Jamie Cullum was a delight. He cuts a diminuitive figure in his jeans and t-shirt with his shaggy hair, but he’s instantly likeable and a terrific, fearless vocalist and pianist. A bit like a modern Dudley Moore. A lot of older TEDsters often ask me for a little swing or a few showtunes, which ordinarily I have to wriggle out of, but Jamie is quite happy to play snippets of ‘I Get A Kick Out Of You’ or ‘Singing In The Rain’ and is able to make them sound young, fresh and accessible, while he bangs on his piano lid and thumps on a kick drum with a spare foot.

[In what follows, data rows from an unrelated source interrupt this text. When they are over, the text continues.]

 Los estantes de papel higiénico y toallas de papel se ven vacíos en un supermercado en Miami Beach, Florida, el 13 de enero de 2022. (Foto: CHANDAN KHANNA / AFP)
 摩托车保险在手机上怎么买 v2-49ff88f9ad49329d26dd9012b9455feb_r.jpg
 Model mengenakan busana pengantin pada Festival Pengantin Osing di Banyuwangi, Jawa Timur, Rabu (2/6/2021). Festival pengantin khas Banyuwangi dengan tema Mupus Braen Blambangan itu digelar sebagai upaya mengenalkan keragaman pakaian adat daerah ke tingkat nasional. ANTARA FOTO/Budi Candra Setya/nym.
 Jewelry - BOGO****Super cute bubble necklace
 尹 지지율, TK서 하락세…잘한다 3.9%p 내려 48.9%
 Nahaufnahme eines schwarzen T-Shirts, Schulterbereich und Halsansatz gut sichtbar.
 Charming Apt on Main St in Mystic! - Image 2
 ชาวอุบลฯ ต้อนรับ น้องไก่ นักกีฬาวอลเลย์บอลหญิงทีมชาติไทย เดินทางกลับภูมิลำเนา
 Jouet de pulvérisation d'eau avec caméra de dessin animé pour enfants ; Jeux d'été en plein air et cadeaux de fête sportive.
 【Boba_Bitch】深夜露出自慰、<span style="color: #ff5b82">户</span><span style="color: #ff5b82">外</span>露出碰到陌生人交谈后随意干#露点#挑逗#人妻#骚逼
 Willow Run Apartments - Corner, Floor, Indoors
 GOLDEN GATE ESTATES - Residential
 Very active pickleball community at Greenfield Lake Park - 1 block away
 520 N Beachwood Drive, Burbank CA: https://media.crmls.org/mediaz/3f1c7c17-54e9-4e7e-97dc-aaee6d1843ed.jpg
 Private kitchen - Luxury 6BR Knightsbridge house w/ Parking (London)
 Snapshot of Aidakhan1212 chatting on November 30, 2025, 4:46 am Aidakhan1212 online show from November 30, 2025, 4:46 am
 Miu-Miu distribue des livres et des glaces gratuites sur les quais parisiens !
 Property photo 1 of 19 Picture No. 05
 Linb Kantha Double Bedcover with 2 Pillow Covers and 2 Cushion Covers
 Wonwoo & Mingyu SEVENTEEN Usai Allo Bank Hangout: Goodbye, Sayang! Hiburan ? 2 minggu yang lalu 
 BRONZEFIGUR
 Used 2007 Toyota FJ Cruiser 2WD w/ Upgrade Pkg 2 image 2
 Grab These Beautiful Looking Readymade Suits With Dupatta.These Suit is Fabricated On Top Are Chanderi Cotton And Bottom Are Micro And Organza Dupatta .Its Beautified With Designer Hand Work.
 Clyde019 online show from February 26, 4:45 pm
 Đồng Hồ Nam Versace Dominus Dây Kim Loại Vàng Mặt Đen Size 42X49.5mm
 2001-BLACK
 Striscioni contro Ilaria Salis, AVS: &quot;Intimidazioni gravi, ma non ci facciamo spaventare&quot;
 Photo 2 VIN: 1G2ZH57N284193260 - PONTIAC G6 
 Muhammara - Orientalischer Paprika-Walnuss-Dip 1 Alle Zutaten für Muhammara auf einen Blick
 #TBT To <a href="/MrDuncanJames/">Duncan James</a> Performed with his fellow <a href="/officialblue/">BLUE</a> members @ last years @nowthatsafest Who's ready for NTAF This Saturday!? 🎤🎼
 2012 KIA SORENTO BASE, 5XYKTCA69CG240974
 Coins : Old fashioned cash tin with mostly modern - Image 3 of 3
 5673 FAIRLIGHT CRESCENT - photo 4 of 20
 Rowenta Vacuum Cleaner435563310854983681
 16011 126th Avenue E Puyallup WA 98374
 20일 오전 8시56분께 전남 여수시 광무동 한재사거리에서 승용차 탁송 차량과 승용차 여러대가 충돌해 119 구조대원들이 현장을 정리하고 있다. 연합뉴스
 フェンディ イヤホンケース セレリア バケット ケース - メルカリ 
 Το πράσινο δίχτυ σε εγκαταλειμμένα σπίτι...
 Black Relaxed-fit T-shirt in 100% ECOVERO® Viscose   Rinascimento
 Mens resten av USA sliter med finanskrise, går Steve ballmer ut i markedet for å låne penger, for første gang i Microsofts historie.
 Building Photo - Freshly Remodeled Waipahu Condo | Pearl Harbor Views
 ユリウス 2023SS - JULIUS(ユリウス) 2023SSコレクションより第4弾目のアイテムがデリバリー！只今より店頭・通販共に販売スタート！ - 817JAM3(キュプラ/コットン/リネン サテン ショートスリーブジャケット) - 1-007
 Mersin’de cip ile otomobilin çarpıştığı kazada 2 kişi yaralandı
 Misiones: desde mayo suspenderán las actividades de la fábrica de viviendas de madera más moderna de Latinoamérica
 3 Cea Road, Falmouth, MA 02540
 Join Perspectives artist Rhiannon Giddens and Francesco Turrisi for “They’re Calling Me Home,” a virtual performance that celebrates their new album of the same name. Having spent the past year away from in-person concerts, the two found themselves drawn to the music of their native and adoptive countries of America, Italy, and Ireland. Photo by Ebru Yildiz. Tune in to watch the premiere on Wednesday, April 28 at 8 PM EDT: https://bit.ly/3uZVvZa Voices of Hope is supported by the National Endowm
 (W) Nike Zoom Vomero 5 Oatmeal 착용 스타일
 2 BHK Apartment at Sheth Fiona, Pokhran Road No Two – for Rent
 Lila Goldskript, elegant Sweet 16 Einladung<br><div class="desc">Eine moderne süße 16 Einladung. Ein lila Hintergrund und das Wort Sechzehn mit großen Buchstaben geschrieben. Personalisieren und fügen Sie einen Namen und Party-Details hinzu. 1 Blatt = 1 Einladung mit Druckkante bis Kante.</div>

I’m now sitting at LAX about to baord a plane back to London. It was a terrific TED, and the transition went much better than we could have expected. There’s always a bit of a hangover after the show ends, but this year I’m quite relaxed compared to most years when I’ve just completed 11-12 performances, as we as sitting through the amazing speakers and the emotional roller coaster ride. I am really looking forward to getting home and getting stuck into my own music. From here on I should have a straight shot to the completion of my new album—barring a few promotional bits and pieces to support the upcoming ‘Singular’ album, and the re-release of Golden Age Of Wireless and The Flat Earth.